● Entries shown
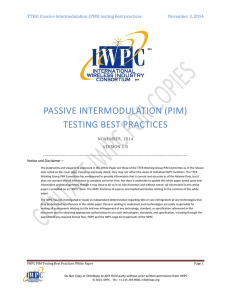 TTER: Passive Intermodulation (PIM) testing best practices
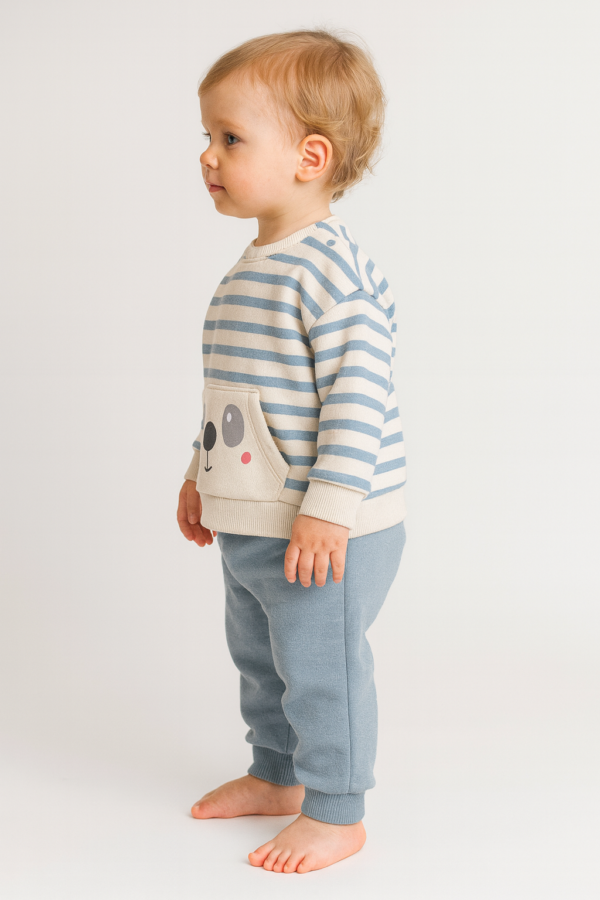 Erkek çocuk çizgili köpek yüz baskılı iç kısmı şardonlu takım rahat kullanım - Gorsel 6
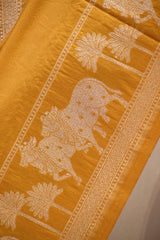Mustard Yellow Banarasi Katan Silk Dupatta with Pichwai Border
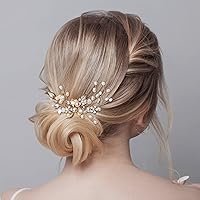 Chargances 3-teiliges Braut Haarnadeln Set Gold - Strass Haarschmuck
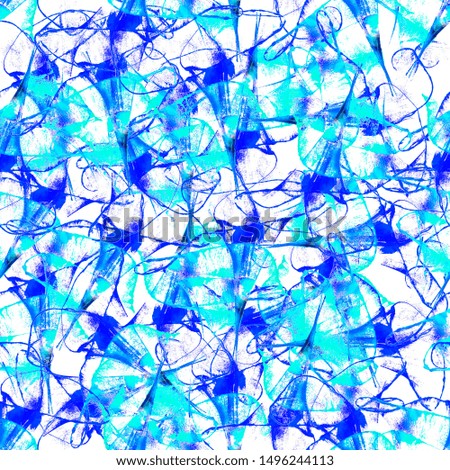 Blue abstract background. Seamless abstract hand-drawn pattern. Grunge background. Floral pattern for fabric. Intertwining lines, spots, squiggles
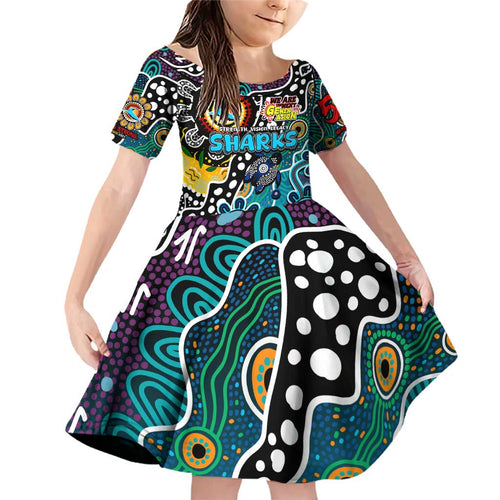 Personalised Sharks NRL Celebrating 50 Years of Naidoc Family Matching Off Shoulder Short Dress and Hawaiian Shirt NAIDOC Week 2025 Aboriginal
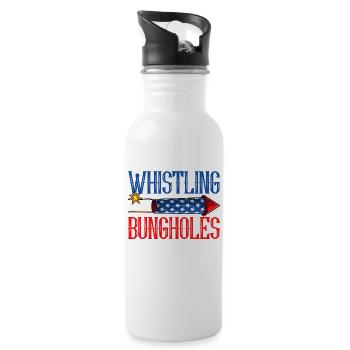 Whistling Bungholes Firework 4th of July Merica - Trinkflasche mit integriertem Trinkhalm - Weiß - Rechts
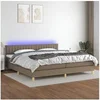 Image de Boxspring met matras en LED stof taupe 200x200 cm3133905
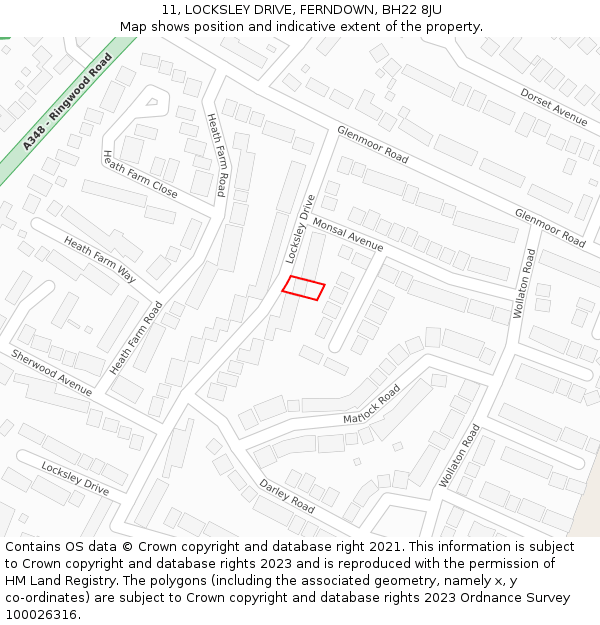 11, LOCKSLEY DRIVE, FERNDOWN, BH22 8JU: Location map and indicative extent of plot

● Requirement
Although pictures appear among the records above, write out exactly only the lines from the one that has "Personalised Sharks NRL" through the one that has "Whistling Bungholes Firework", and leave the pictures out.

● Answer
 Personalised Sharks NRL Celebrating 50 Years of Naidoc Family Matching Off Shoulder Short Dress and Hawaiian Shirt NAIDOC Week 2025 Aboriginal
 Whistling Bungholes Firework 4th of July Merica - Trinkflasche mit integriertem Trinkhalm - Weiß - Rechts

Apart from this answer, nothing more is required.